### WORK REQUEST
What you return should match the data below exactly, with no pictures in it.

### DATA SHOWN

· · · ·

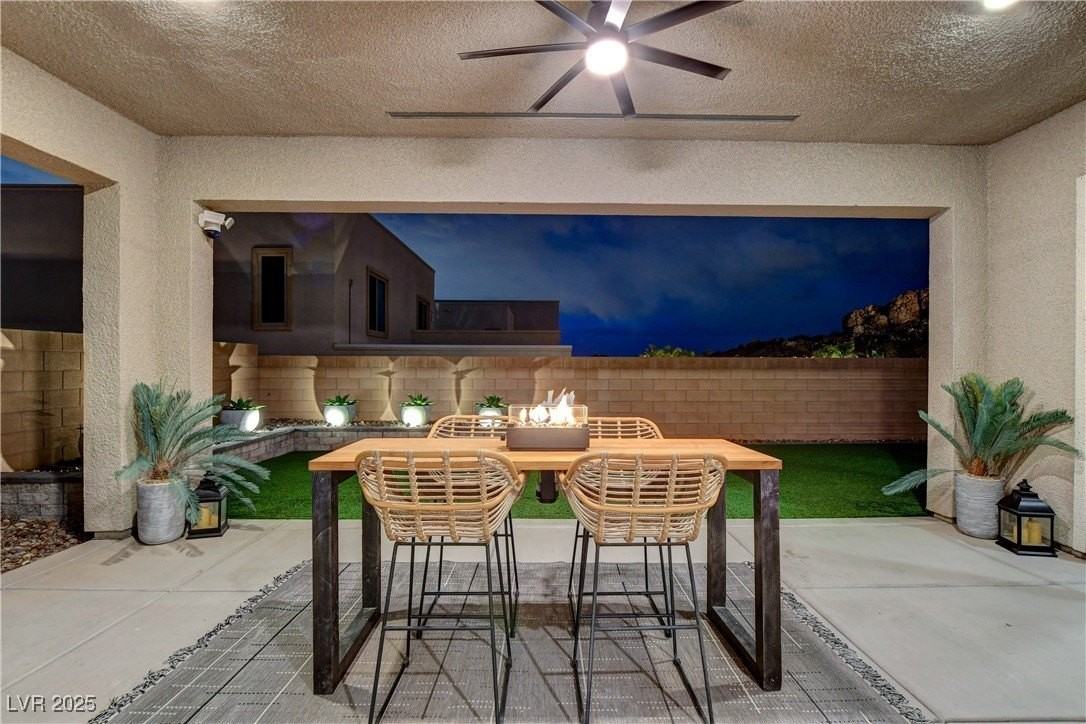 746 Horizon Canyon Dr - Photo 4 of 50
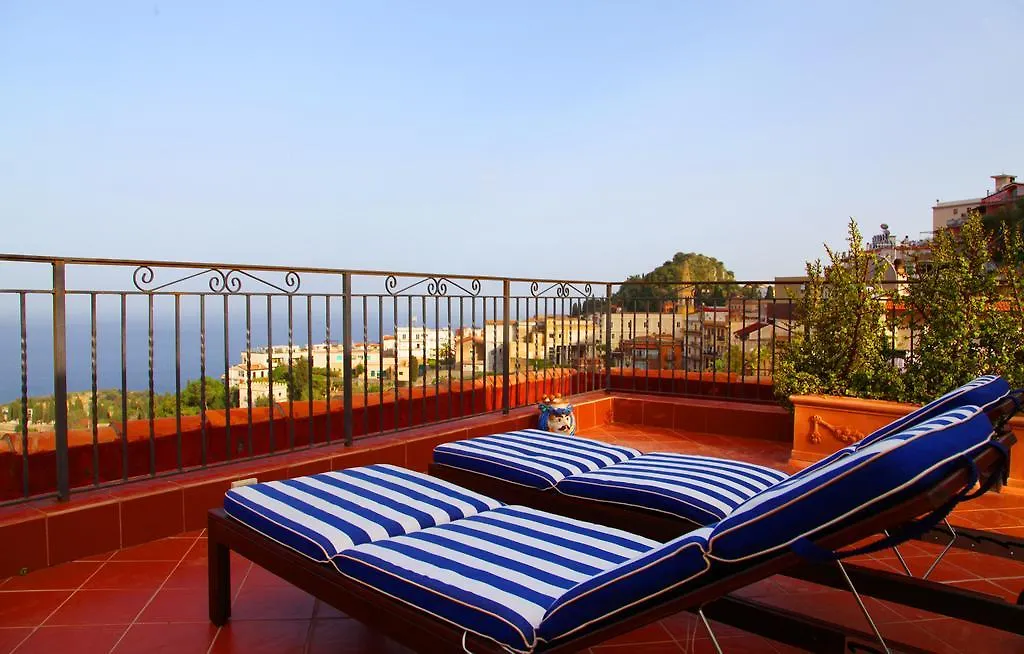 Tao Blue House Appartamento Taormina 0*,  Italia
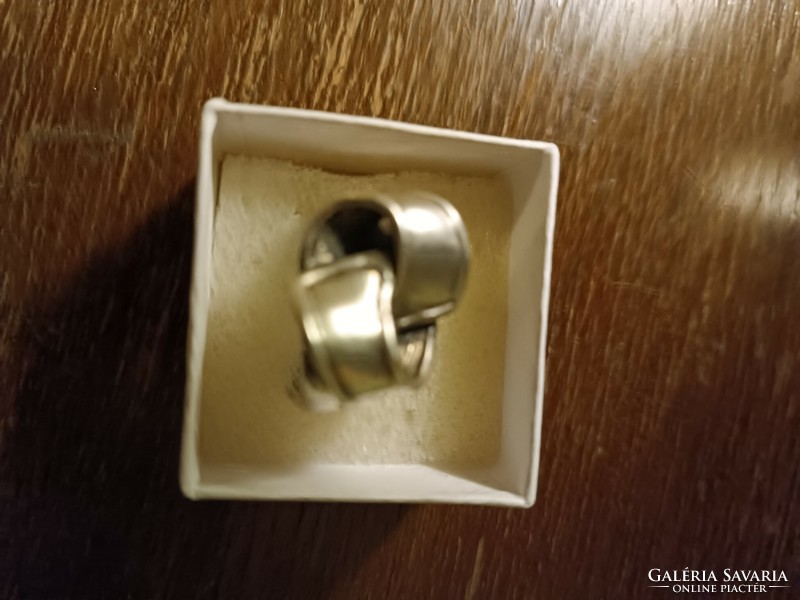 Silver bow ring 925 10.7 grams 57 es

· · · ·

### TASK ANSWER
 746 Horizon Canyon Dr - Photo 4 of 50
 Tao Blue House Appartamento Taormina 0*,  Italia
 Silver bow ring 925 10.7 grams 57 es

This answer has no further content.